Sa seule appréhension était d'être
enterrée vivante, et cette pensée l'a poursuivie jusqu'à la fin. « Il me
semble, disait-elle, que je me vois dans la fosse, et que j'étouffe
sous la terre que j'entends tomber sur moi. » Depuis sa mort elle a
expliqué cette crainte en disant que, dans sa précédente existence, elle
était morte ainsi, et que la terrible impression que son Esprit en
avait ressentie, s'était réveillée au moment de mourir de nouveau.
Aucune prière spirite n'a été dite ostensiblement sur sa tombe, pour
ne pas froisser certaines susceptibilités, mais la Société spirite de
Paris, dont elle avait fait partie, s'est réunie au lieu de ses séances,
après la cérémonie funèbre, pour lui renouveler le témoignage de ses
sympathies.
Le Spiritisme a vu partir un autre de ses
représentants dans la personne de M. Fornier-Duplan, ancien négociant,
décédé à Rochefort-sur-Mer, le 22 octobre 1866. M. Fornier-Duplan était
depuis longtemps un adepte sincère et dévoué, comprenant le véritable
but de la doctrine dont il s'efforçait de mettre en pratique les
enseignements. C'était un homme de bien, aimé et estimé de tous ceux qui
l'ont connu, un de ceux que le Spiritisme s'honore de compter dans ses
rangs ; les malheureux perdent en lui un soutien. Il avait puisé dans
ses croyances le remède contre le doute sur l'avenir, le courage dans
les épreuves de la vie, et le calme de ses derniers instants. Comme
madame Dozon et tant d'autres, il est parti plein de confiance en Dieu,
sans appréhension de l'inconnu, car il savait où il allait, et sa
conscience lui donnait l'espoir d'y être accueilli avec sympathie par
les bons Esprits. Son espérance n'a pas été trompée non plus, et les
communications qu'il a données prouvent qu'il y occupe la place réservée
aux hommes de bien.
Une mort qui nous a surpris autant
qu'affligé, est celle de M. d'Ambel, ancien directeur du journal
l'Avenir, décédé le 17 novembre 1866. Ses obsèques ont eu lieu à
l'église Notre-Dame de Lorette, sa paroisse. La malveillance des
journaux qui en ont parlé s'est révélée, en cette circonstance, d'une
manière regrettable, par leur affectation à faire ressortir, à exagérer,
à envenimer, comme s'ils prenaient plaisir à retourner le fer dans la
plaie, tout ce que cette mort pouvait avoir de pénible, sans égard pour
les susceptibilités de famille, oubliant jusqu'au respect que l'on doit
aux morts, quelles qu'aient été leurs opinions ou leurs croyances de
leur vivant.
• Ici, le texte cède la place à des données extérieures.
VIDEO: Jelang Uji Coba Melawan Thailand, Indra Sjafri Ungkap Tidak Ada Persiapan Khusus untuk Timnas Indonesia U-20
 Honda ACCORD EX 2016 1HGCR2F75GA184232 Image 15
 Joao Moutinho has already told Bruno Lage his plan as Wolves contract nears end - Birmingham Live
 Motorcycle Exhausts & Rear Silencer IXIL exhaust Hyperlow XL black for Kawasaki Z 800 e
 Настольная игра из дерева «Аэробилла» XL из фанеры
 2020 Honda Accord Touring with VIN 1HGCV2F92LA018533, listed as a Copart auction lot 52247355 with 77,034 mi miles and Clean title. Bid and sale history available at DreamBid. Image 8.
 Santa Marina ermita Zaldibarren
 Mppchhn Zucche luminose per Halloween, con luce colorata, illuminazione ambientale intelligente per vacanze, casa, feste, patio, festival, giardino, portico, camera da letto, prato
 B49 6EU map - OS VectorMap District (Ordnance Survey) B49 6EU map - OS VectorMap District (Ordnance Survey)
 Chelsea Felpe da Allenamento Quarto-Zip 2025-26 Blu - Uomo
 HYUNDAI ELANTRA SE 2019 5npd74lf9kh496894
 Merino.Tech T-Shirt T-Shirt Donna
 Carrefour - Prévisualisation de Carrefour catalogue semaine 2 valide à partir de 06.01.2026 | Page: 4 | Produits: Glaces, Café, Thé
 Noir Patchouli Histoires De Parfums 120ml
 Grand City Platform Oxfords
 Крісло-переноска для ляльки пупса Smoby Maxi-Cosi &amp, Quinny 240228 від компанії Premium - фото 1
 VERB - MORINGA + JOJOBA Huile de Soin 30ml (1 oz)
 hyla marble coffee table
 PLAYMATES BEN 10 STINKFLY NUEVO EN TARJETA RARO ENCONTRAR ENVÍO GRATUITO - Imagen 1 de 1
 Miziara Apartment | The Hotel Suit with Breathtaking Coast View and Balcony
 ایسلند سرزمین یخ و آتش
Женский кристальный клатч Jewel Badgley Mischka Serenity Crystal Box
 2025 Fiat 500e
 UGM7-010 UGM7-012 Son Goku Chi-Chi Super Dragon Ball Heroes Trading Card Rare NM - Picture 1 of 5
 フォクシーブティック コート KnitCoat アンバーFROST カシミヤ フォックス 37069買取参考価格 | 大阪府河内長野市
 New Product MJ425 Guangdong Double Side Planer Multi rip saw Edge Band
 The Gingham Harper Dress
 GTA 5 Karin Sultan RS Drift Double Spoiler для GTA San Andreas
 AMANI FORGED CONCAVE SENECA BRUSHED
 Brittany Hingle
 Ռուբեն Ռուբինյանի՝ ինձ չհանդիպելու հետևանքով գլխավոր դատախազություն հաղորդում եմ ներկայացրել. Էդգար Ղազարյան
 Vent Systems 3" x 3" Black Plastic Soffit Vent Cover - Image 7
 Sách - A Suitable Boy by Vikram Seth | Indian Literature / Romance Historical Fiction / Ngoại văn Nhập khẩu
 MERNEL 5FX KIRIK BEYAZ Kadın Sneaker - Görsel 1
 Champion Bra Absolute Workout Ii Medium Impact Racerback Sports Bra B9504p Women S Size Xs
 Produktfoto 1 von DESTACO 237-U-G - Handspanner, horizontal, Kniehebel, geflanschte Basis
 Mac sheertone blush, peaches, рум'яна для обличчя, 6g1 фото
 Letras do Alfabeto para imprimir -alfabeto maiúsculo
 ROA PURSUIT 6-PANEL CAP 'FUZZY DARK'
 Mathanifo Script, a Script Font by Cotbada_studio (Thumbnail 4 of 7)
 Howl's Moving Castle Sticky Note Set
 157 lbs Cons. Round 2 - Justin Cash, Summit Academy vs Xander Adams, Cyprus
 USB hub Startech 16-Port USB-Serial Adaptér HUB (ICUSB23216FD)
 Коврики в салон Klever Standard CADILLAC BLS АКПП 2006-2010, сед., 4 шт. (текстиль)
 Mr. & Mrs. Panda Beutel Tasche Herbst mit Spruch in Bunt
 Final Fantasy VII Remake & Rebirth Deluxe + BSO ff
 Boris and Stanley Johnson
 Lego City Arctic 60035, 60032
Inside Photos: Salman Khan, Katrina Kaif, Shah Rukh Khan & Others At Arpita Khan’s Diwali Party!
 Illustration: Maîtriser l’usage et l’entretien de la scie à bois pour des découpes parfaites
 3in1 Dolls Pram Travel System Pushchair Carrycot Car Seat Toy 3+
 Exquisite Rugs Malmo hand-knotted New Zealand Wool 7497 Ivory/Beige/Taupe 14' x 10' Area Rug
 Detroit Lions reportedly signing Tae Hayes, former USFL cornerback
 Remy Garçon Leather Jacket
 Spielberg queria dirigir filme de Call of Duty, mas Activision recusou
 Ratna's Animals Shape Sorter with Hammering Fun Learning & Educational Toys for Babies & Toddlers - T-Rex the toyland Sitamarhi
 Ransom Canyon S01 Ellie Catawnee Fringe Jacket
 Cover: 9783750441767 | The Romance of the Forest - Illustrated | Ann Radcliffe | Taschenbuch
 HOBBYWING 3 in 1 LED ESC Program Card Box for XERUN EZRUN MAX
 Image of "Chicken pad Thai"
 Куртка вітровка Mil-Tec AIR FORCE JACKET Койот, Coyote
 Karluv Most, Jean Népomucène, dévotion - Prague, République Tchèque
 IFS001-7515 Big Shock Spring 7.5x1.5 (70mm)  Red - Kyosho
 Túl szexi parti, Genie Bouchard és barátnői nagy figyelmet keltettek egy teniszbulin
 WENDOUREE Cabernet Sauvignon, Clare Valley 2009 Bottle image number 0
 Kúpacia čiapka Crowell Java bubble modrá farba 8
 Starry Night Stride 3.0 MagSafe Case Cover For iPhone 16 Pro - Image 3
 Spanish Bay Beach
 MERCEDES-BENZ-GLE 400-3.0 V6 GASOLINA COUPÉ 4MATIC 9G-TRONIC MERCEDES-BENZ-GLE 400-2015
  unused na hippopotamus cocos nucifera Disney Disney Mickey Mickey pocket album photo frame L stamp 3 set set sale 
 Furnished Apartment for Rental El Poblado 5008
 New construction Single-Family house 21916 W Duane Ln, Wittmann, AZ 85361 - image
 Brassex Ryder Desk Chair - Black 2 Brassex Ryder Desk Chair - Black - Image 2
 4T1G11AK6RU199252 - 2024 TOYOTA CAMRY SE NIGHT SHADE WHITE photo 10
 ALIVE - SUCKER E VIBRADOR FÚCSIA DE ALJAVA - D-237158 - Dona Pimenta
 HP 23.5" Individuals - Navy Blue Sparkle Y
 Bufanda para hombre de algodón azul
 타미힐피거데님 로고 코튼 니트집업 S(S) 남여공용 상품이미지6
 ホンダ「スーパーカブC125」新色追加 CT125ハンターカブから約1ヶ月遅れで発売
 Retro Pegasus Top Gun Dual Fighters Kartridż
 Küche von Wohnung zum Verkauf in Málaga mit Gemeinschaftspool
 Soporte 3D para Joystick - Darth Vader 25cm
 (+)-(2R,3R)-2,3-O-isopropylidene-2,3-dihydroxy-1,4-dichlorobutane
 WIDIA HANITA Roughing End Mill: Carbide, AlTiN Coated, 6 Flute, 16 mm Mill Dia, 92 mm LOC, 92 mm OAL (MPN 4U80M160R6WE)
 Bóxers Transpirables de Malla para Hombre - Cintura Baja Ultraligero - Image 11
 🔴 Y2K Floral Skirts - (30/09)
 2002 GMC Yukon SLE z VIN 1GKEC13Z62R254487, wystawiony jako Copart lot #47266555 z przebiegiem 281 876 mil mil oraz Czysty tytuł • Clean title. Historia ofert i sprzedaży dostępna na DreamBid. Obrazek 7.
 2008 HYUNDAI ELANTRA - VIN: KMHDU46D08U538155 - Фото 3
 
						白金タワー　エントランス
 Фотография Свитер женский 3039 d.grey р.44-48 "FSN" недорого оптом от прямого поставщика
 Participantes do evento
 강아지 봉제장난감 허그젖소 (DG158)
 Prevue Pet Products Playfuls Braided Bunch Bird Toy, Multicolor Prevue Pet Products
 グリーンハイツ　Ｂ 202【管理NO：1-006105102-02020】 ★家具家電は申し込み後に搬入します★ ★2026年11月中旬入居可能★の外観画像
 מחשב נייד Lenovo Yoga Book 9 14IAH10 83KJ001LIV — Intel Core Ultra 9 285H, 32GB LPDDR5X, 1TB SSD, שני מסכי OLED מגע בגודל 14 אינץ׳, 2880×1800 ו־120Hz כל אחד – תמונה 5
Ces mêmes journaux eussent crié au scandale et à la
profanation contre quiconque eût parlé de cette manière d'un des leurs ;
mais nous avons vu, par la citation que nous avons faite plus haut, à
propos de la mort de M. Pagès, que la tombe même n'est pas respectée par
certains adversaires du Spiritisme.
Les hommes impartiaux
rendront toutefois aux Spirites la justice de reconnaître que jamais
ceux-ci ne se sont écartés du respect, des convenances et des lois de la
charité, à la mort de ceux qui avaient été leurs plus grands ennemis,
et qui les avaient attaqués avec le moins de ménagements ; ils se
contentent de prier pour eux.
Nous avons vu avec plaisir le
journal le Pays, du 25 novembre, quoique dans un article peu sympathique
à la doctrine, relever avec énergie ce manque de procédé de
quelques-uns de ses confrères, et blâmer, comme elle le mérite,
l'immixtion de la publicité dans les choses intimes de la famille. Le
Siècle du 19 novembre avait aussi rendu compte de l'événement avec tous
les ménagements désirables. Nous ajouterons que le défunt ne laisse
point d'enfants, et que sa veuve s'est retirée dans sa famille.